Ab 1933 sei es zu zahlreichen Verhaftungen gekommen. Eine Zeitzeugin habe ihr davon berichtet, dass der eigene Vater als Häftling in Dachau auf einen KZ-Aufseher getroffen sei, mit dem er einst im gleichen Haus gewohnt habe. Auch zwei Geschäfte in Weißenburg seien in den Fokus der Nazis geraten. Starck erinnerte an eine antisemitische Demo gegen das „Weltjudentum“ in Weißenburg und einen „Elternabend“ im gleichen
Geiste. Viele evangelische Pfarrer und Kirchenvorstände hätten damals das Treiben der Nationalsozialisten „geduldet oder sogar unterstützt.“

In der Pogromnacht selbst sei nicht nur gläsernes Kristall gesplittert, sondern auch das des Lebens „eingetrübt und zerbrochen“ worden, machte der katholische Dekan Konrad Bayerle deutlich. Er warf die Frage auf, ob sich „auch heute wieder eine Finsternis zusammenbraut?“ Gemeinsam mit Starck rief er zur Wachsamkeit auf und appellierte an die heute Lebenden, sich „nicht aus der Verantwortung für die Mitmenschlichkeit zu stehlen“.

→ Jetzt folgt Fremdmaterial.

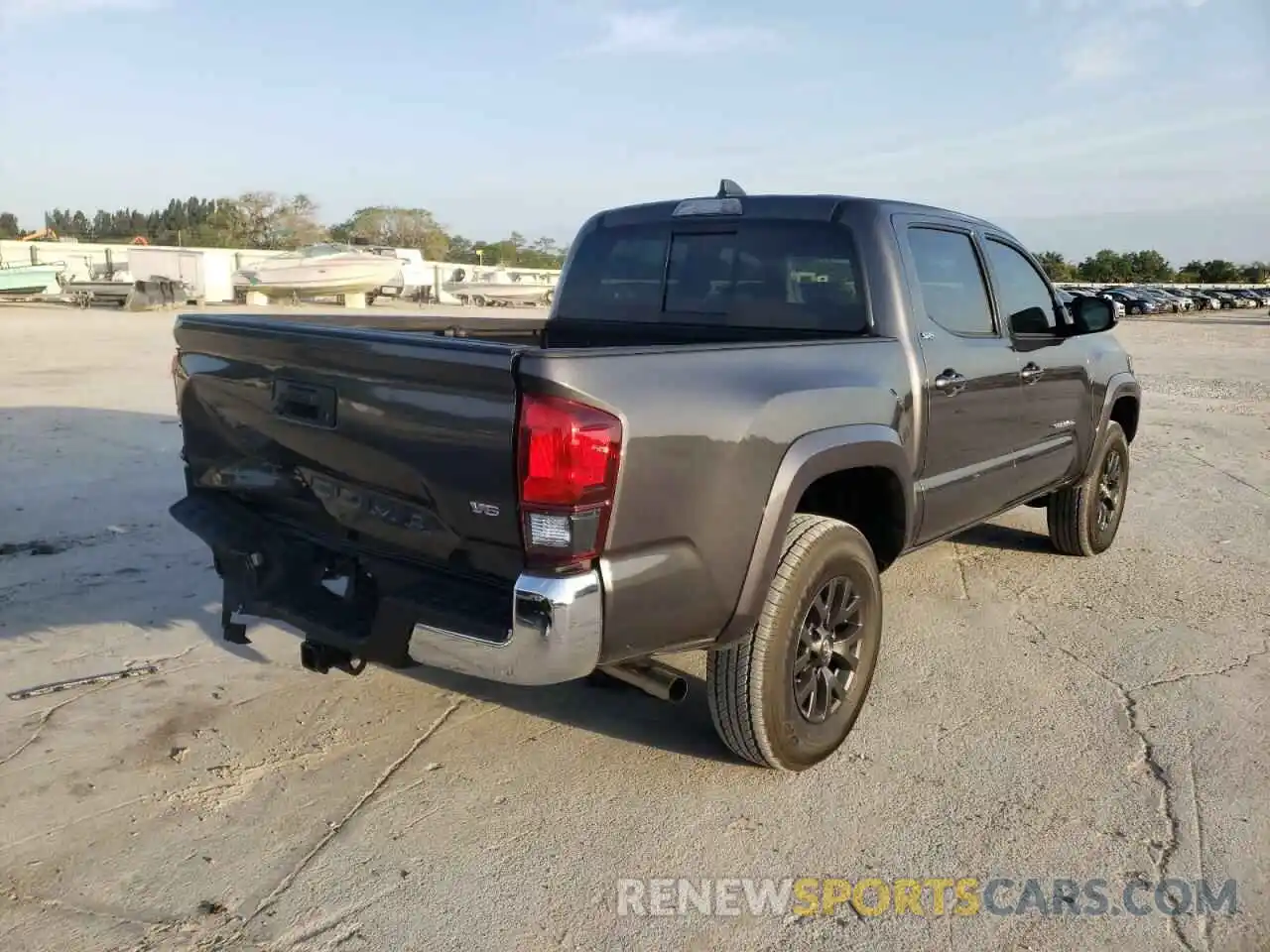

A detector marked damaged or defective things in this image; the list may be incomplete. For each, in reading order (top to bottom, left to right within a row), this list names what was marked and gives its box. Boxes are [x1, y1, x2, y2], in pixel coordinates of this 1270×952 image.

In Weißenburg sei man bereits rechtsextremen Strömungen entgegen getreten, stellte Oberbürgermeister Jürgen Schröppel fest. Was damals mit der Pogromnacht begann, sei in die „industrielle Tötung von Menschen“ gemündet, sagte der OB, bevor er zum Gedenken an die Opfer und zur Mahnung ein Blumengesteck an einem siebenarmigen Leuchter ablegte. Dort entzündete zu Gebeten Diakonin Ramona Leibinger mit Jugendlichen die Kerzen. Das Gesteck selbst wird noch bis Monatsende am Altar der Andreas-kirche zur Besinnung aufrufen.

Die Gedenkfeier im Gemeindehaus wurde von Schülern des Werner-von-Siemens-Gymnasiums (Johann Be-cker, Nadja Kirchdorfer und Melena Popp) musikalisch eindrucksvoll gestaltet.